### The task
Your output must consist of the records printed verbatim, with the pictures excluded.

### Dataset entries
● ● ● ● ● ● ●

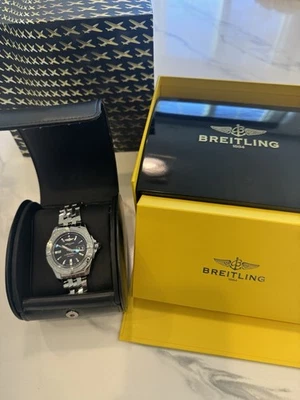Breitling SS Galactic 41 - Trofeo Negro Foto 1 de 4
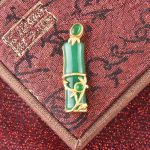 Buddha Stones White Jade Cyan Jade Bamboo Protection Necklace Pendant Necklaces & Pendants BS 9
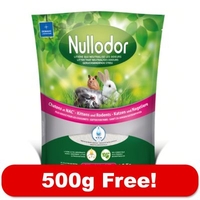 1kg NULLODOR Silica Litter for Kittens + 500g Free! - 1.5kg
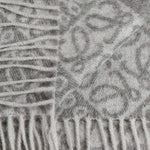 Sciarpa anagram in lana e cashmere F811SS1X01 1120 LOEWE 
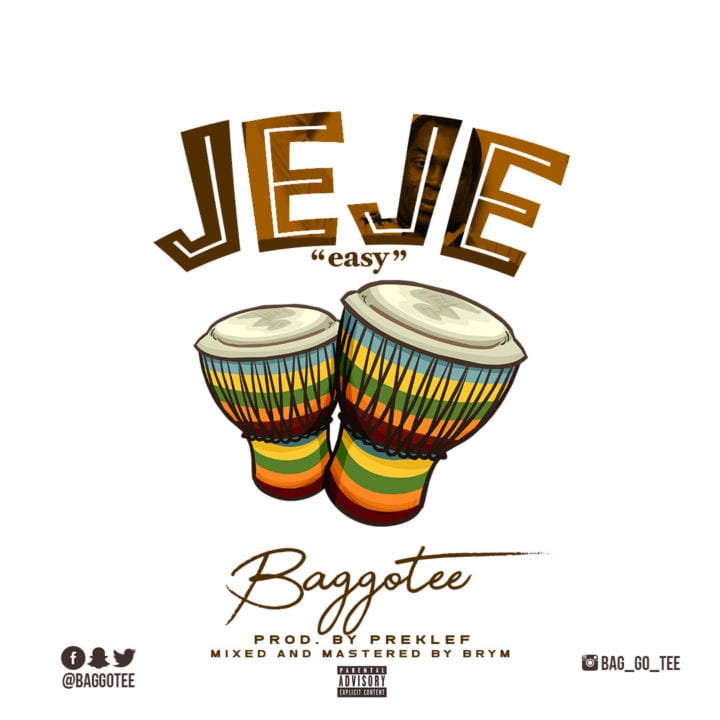 Baggotee – JEJE (Easy) - Stream and Download mp3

● ● ● ● ● ● ●

### Result for this task
Breitling SS Galactic 41 - Trofeo Negro Foto 1 de 4
 Buddha Stones White Jade Cyan Jade Bamboo Protection Necklace Pendant Necklaces & Pendants BS 9
 1kg NULLODOR Silica Litter for Kittens + 500g Free! - 1.5kg
 Sciarpa anagram in lana e cashmere F811SS1X01 1120 LOEWE 
 Baggotee – JEJE (Easy) - Stream and Download mp3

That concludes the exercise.